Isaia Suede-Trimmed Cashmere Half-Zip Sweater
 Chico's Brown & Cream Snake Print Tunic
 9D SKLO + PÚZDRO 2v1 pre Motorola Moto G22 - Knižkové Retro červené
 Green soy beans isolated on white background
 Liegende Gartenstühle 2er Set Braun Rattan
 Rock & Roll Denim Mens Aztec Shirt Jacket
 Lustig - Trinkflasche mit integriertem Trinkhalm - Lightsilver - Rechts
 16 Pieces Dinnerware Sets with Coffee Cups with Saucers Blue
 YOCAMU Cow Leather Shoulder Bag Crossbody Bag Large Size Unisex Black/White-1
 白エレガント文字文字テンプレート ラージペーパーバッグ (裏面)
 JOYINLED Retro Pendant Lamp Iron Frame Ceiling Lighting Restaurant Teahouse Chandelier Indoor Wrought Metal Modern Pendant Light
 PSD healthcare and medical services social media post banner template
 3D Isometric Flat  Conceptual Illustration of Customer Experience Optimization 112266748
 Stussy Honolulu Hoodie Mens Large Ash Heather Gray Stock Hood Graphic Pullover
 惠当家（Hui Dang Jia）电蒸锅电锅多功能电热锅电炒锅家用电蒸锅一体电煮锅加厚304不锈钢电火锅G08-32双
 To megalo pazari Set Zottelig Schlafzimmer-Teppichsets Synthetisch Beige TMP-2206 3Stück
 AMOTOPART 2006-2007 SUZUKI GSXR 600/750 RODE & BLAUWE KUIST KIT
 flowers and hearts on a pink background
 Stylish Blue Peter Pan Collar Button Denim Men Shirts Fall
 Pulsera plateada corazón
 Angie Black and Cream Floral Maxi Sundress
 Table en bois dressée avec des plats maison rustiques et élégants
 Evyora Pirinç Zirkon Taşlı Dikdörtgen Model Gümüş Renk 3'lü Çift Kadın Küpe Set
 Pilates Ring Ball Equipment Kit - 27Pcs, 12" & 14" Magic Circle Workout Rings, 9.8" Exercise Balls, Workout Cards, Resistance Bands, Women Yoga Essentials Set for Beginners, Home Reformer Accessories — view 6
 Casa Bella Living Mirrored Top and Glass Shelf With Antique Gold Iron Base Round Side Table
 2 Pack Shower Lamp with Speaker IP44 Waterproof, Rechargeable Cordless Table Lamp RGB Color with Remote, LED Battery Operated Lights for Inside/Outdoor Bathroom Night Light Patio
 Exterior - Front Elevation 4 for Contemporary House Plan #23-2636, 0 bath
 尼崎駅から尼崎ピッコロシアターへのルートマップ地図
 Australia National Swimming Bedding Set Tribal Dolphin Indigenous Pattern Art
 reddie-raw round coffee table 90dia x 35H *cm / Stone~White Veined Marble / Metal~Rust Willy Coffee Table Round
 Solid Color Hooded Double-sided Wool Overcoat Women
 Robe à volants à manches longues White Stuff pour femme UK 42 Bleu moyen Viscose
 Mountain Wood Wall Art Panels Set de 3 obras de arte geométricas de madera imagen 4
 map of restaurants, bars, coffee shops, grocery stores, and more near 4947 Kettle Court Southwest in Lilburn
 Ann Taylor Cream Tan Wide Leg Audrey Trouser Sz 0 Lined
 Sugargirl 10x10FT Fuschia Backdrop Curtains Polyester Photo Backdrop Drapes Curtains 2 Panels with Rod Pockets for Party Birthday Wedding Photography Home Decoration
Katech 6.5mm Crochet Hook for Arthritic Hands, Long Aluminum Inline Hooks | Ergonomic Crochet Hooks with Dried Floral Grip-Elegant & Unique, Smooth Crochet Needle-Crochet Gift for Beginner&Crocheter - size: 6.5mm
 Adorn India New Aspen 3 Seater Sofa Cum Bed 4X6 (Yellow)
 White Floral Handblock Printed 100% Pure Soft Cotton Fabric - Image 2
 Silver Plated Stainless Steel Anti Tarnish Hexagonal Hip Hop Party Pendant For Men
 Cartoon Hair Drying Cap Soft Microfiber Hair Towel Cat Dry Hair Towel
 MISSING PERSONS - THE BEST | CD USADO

**Task description:**
In the listing above, find the line containing "惠当家（Hui Dang Jia）电蒸锅电锅多功能电热锅电炒锅家用电蒸锅一体电煮锅加厚304不锈钢电火锅G08-32双" and the line containing "Angie Black and Cream Floral Maxi Sundress", then repeat those two lines and everything between them exactly.

**Reply to the task:**
 惠当家（Hui Dang Jia）电蒸锅电锅多功能电热锅电炒锅家用电蒸锅一体电煮锅加厚304不锈钢电火锅G08-32双
 To megalo pazari Set Zottelig Schlafzimmer-Teppichsets Synthetisch Beige TMP-2206 3Stück
 AMOTOPART 2006-2007 SUZUKI GSXR 600/750 RODE & BLAUWE KUIST KIT
 flowers and hearts on a pink background
 Stylish Blue Peter Pan Collar Button Denim Men Shirts Fall
 Pulsera plateada corazón
 Angie Black and Cream Floral Maxi Sundress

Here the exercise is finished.